> **TASK DESCRIPTION**: Pictures stay out; everything else in the listing below is to be restated word for word.

> **RECORDED DATA**:
- Opening Delimiter -

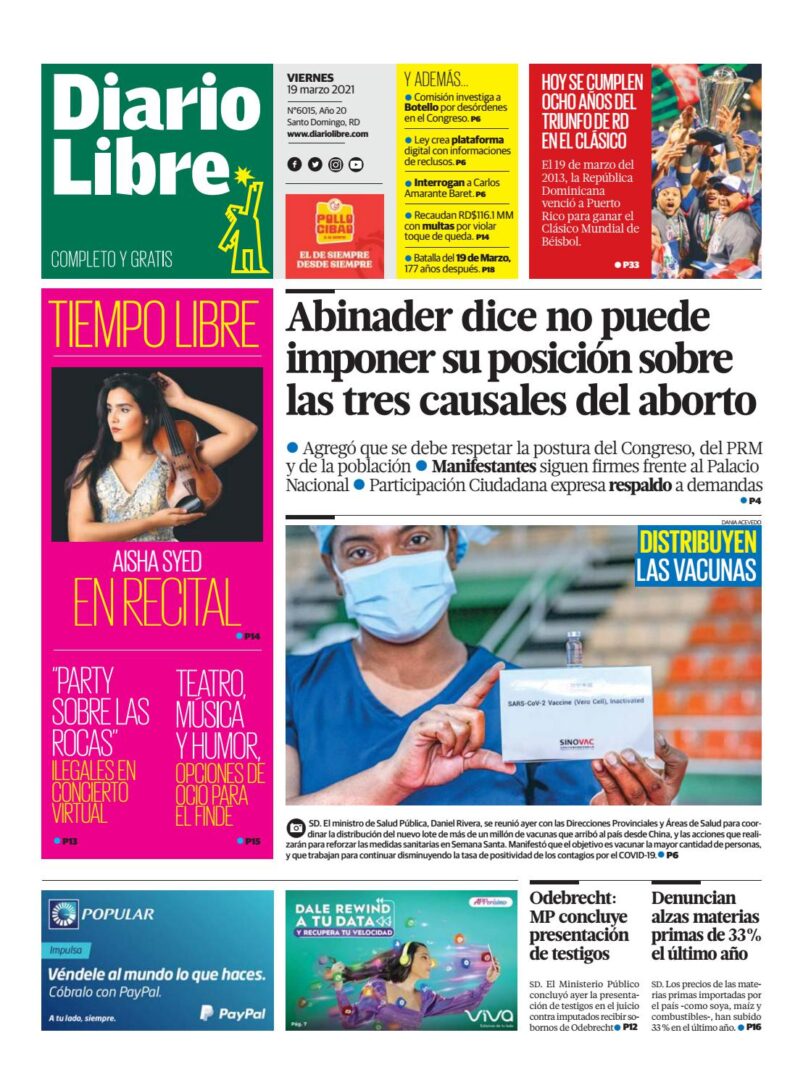 Portada Periódico Diario Libre, Viernes 19 de Marzo, 2021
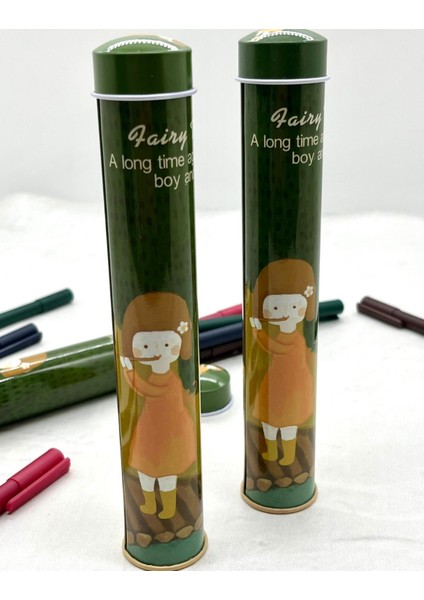 Sevimli Flütçü Kız Fairy Tale Metal Oval Kalem Kutu / Çanta / Pencil Box / Düzenleyici fırsatları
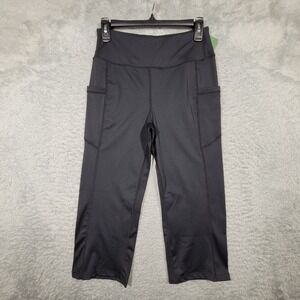 Willit Athletic Crop Leggings Capri Black Womens S With‎ Pockets
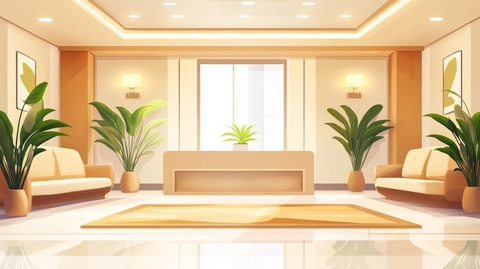 银行酒店宾馆大厅角落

- Closing Delimiter -

> **TASK ANSWER**:
 Portada Periódico Diario Libre, Viernes 19 de Marzo, 2021
 Sevimli Flütçü Kız Fairy Tale Metal Oval Kalem Kutu / Çanta / Pencil Box / Düzenleyici fırsatları
 Willit Athletic Crop Leggings Capri Black Womens S With‎ Pockets
 银行酒店宾馆大厅角落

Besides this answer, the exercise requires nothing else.